Work required -> Your answer should be the exact lines of the data below from the one containing "According to Wikipedia" through the one containing "12. Write a"; please include nothing else.
────────
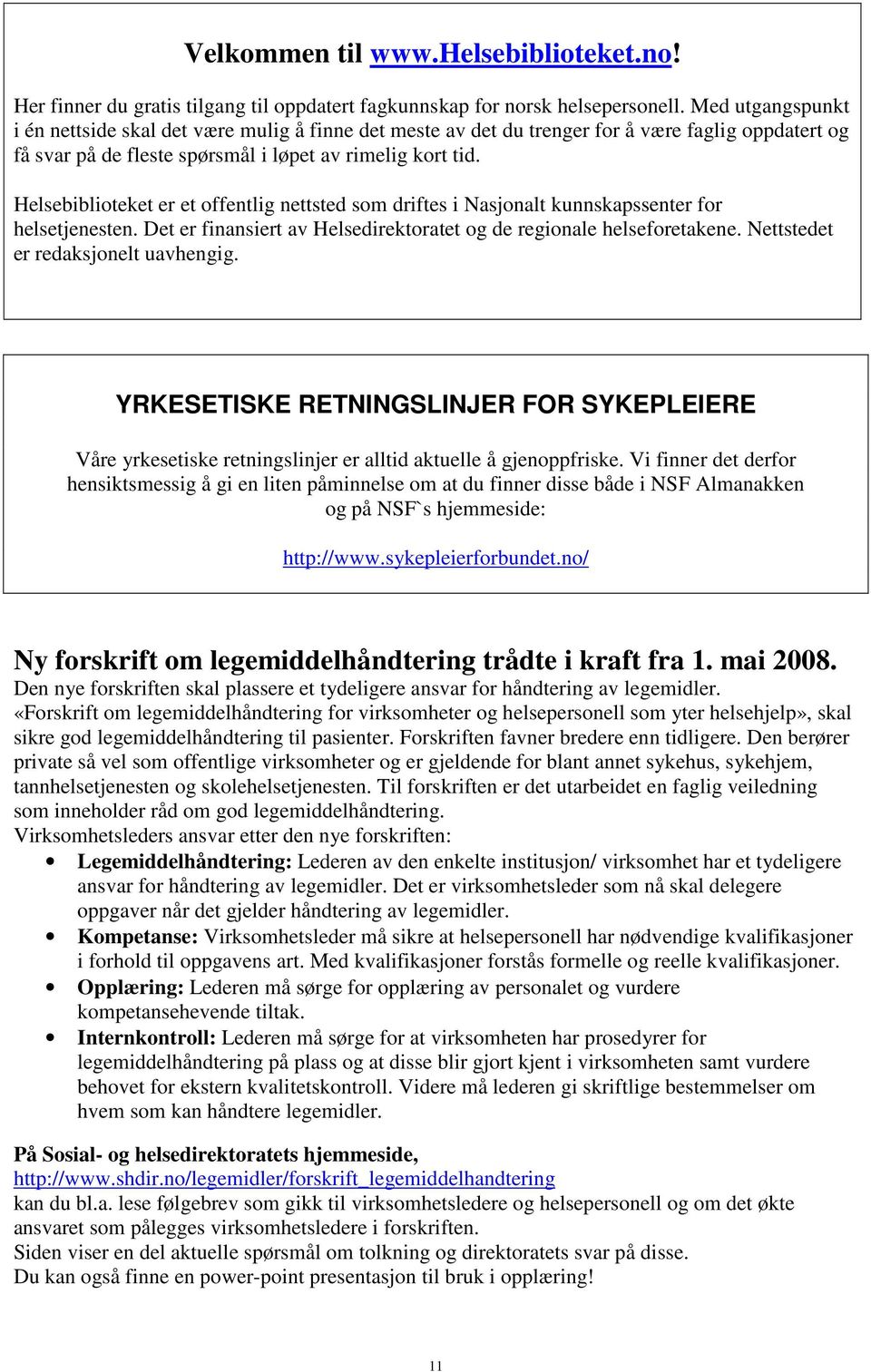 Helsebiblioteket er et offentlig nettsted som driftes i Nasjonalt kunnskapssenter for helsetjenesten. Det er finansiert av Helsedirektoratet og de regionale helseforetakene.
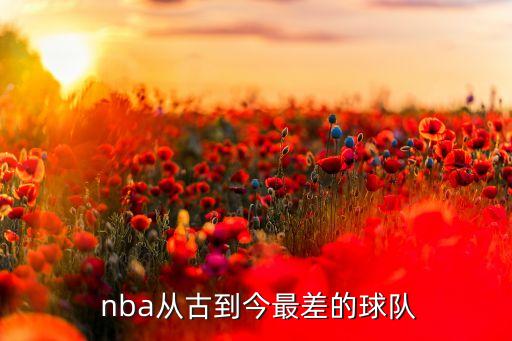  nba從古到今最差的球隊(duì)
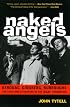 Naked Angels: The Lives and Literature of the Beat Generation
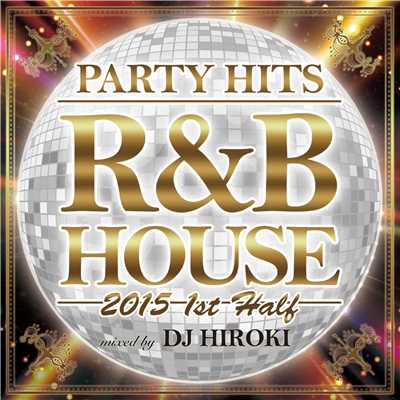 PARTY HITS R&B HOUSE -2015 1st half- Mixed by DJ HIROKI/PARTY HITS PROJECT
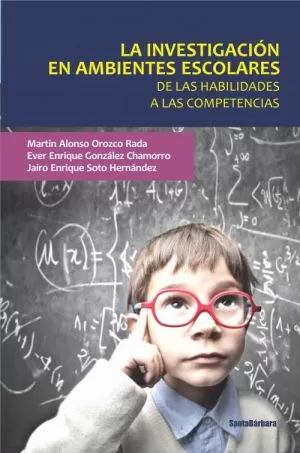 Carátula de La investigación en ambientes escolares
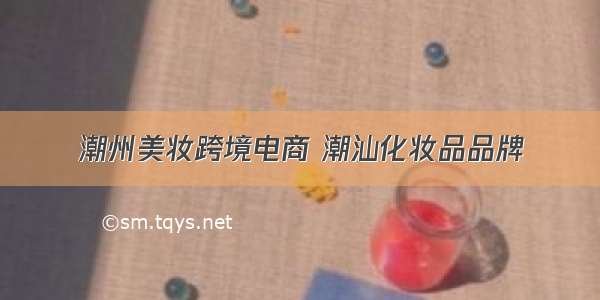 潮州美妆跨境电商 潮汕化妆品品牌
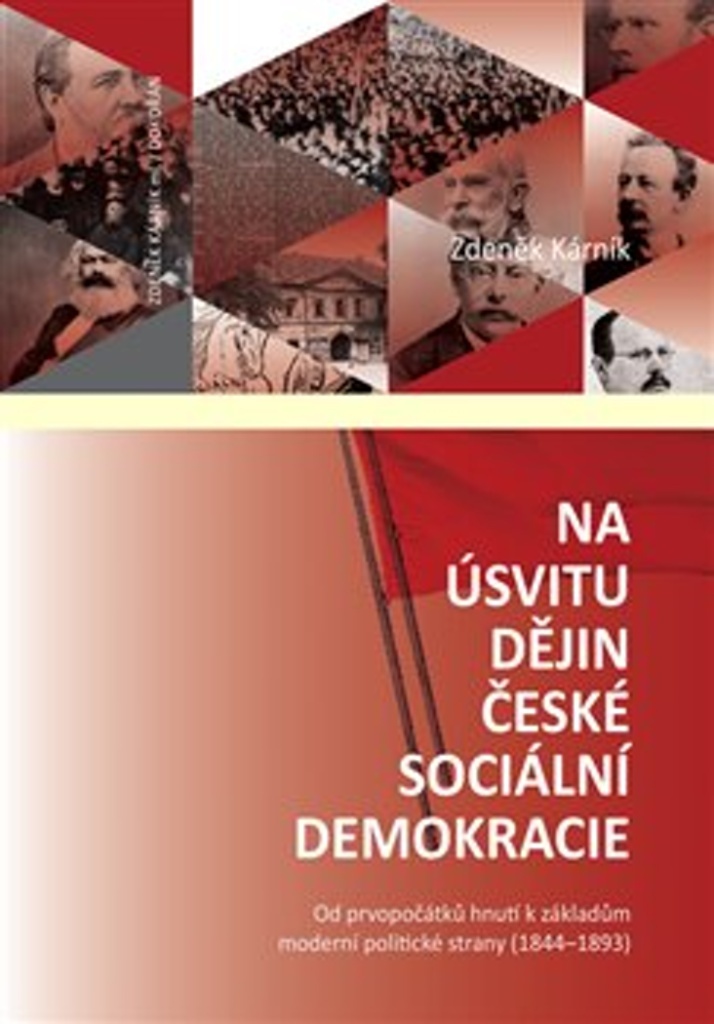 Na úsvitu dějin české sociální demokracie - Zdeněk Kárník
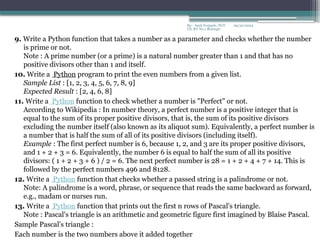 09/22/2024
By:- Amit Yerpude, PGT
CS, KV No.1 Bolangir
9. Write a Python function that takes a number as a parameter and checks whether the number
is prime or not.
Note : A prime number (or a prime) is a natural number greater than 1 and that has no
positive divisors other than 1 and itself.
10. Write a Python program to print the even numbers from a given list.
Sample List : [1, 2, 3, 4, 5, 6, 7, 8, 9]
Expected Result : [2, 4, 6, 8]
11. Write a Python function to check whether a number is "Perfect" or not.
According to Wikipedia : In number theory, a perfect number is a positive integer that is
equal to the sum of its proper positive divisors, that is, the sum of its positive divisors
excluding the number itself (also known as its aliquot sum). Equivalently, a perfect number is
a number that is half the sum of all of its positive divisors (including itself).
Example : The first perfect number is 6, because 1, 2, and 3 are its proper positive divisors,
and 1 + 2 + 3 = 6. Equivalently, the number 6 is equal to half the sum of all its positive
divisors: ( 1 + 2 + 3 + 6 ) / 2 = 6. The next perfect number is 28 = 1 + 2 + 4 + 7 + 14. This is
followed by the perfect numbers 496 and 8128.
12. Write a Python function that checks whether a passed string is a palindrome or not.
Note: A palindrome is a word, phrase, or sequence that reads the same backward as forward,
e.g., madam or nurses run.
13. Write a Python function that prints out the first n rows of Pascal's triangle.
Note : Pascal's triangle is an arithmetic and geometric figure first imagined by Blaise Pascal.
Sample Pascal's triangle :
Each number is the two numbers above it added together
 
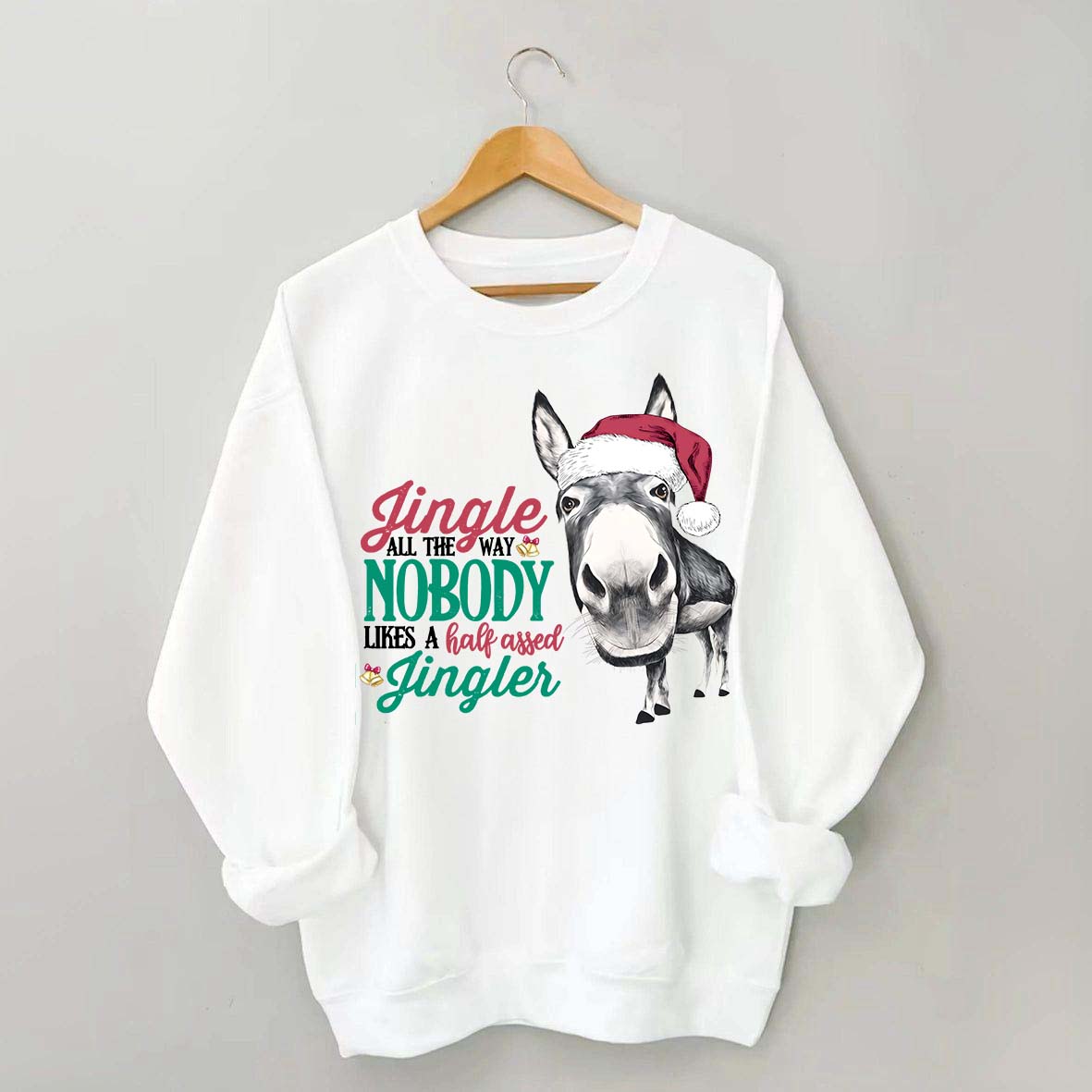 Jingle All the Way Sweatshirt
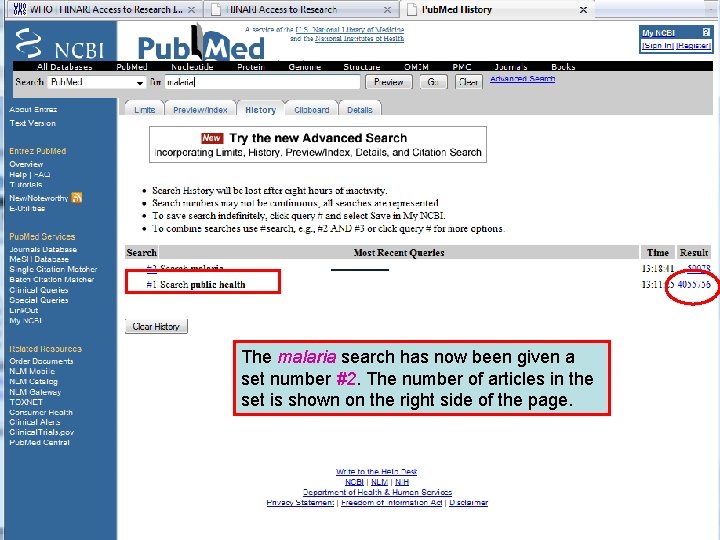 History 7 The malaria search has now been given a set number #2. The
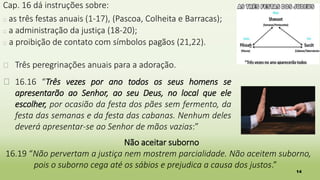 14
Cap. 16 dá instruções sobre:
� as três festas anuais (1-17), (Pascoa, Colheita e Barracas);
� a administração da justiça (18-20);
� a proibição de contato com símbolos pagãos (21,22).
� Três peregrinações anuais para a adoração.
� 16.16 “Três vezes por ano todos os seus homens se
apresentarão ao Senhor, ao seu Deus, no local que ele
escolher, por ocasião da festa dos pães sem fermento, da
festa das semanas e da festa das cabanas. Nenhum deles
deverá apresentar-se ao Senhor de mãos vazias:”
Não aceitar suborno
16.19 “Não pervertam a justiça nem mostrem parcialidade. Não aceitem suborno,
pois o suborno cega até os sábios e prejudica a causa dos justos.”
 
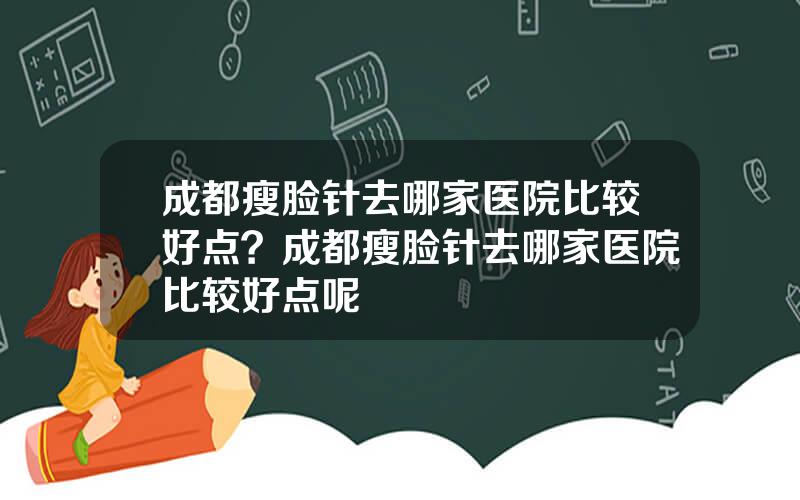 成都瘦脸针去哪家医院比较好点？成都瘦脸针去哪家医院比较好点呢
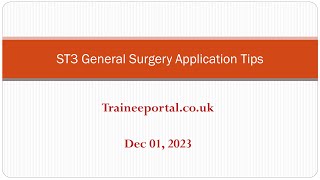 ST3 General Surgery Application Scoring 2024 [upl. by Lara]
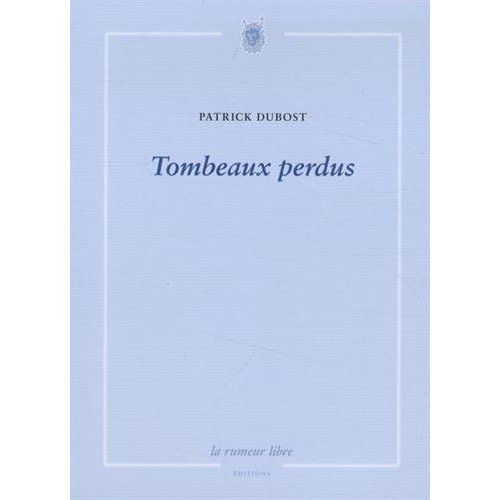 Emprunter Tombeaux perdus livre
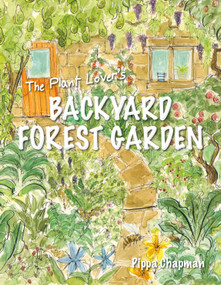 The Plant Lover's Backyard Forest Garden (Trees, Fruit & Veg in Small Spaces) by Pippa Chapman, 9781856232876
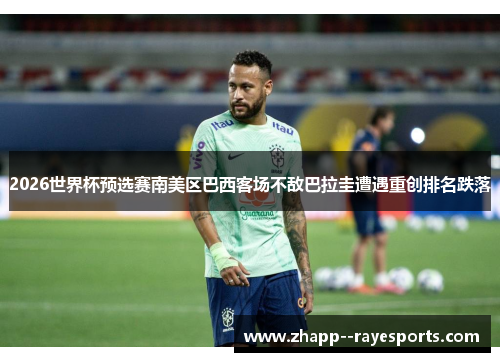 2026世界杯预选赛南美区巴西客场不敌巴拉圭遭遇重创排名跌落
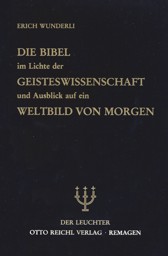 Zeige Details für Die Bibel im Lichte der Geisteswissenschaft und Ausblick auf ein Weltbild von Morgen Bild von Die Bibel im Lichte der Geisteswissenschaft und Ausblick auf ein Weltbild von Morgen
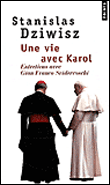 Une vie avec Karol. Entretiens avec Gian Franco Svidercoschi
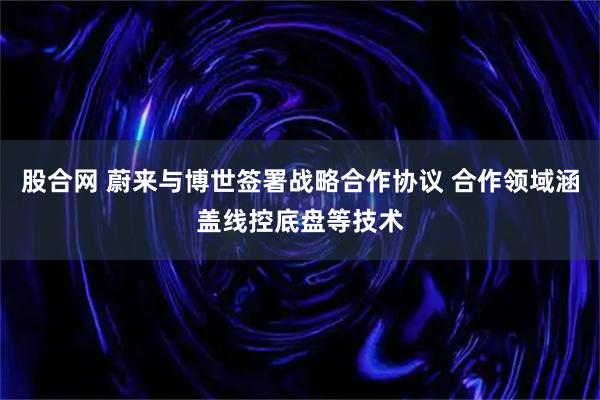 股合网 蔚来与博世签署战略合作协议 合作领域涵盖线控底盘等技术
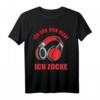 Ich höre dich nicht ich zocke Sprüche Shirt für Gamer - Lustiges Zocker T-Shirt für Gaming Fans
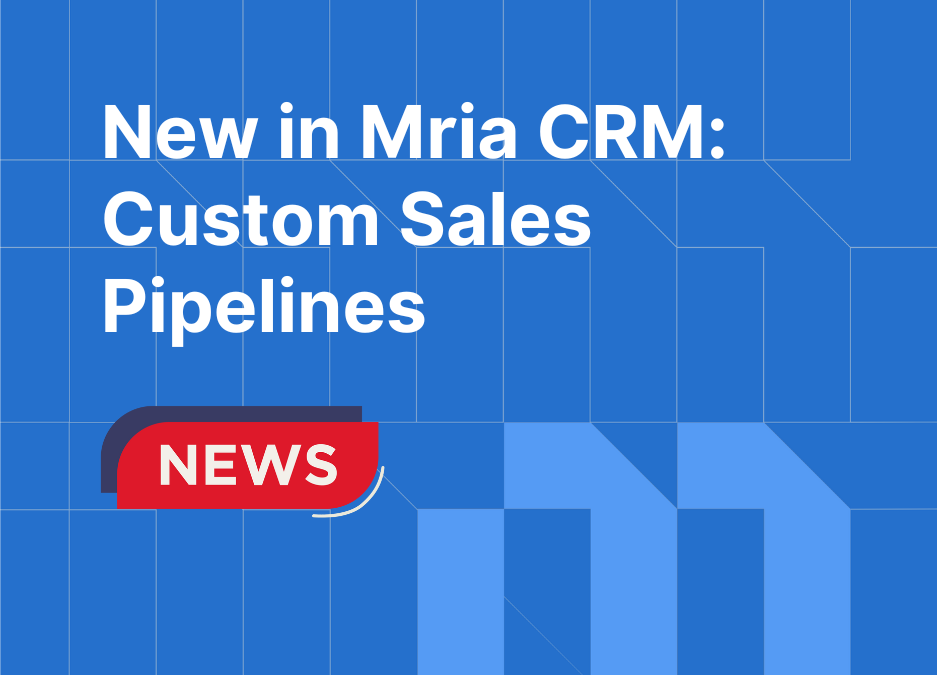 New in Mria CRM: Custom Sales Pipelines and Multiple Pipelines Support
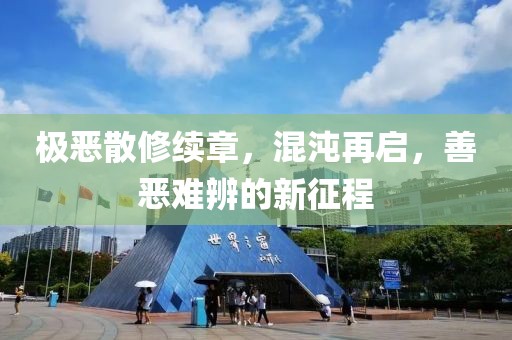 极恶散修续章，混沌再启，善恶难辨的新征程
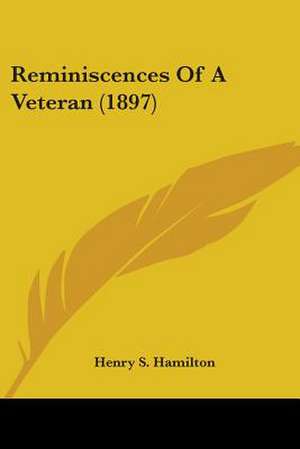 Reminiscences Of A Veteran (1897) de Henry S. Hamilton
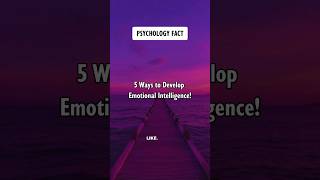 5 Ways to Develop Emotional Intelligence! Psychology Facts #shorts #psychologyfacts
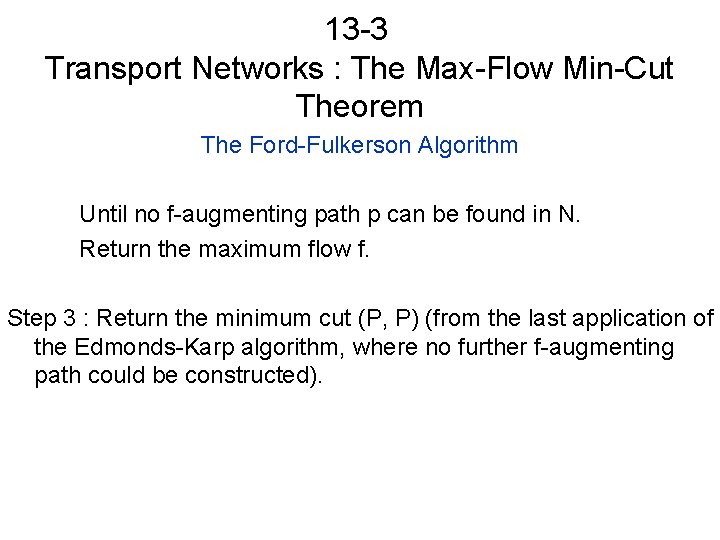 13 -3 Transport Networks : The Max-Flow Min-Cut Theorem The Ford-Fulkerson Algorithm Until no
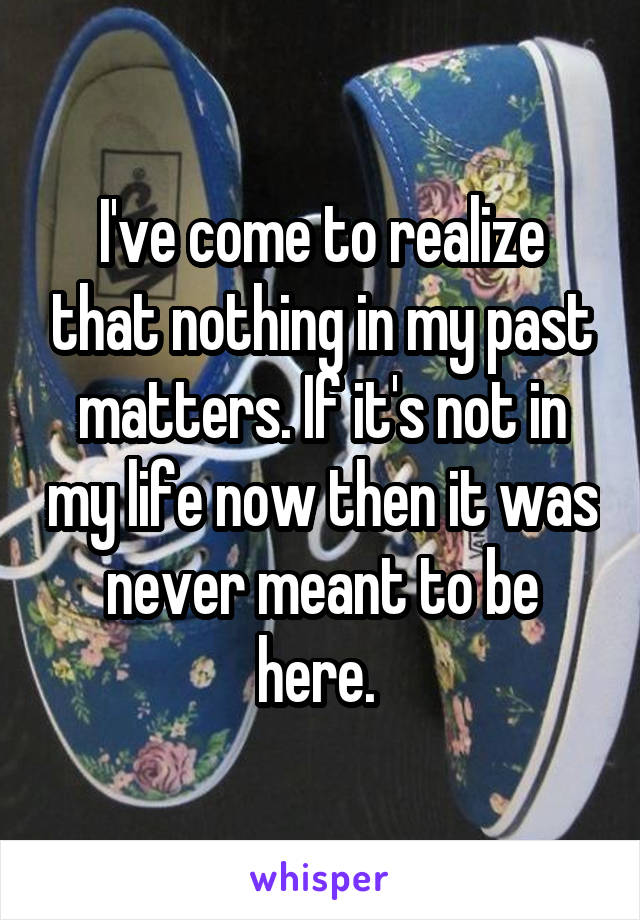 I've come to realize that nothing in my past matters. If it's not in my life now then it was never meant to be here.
────────
Output ->
According to Wikipedia : In number theory, a perfect number is a positive integer that is
equal to the sum of its proper positive divisors, that is, the sum of its positive divisors
excluding the number itself (also known as its aliquot sum). Equivalently, a perfect number is
a number that is half the sum of all of its positive divisors (including itself).
Example : The first perfect number is 6, because 1, 2, and 3 are its proper positive divisors,
and 1 + 2 + 3 = 6. Equivalently, the number 6 is equal to half the sum of all its positive
divisors: ( 1 + 2 + 3 + 6 ) / 2 = 6. The next perfect number is 28 = 1 + 2 + 4 + 7 + 14. This is
followed by the perfect numbers 496 and 8128.
12. Write a Python function that checks whether a passed string is a palindrome or not.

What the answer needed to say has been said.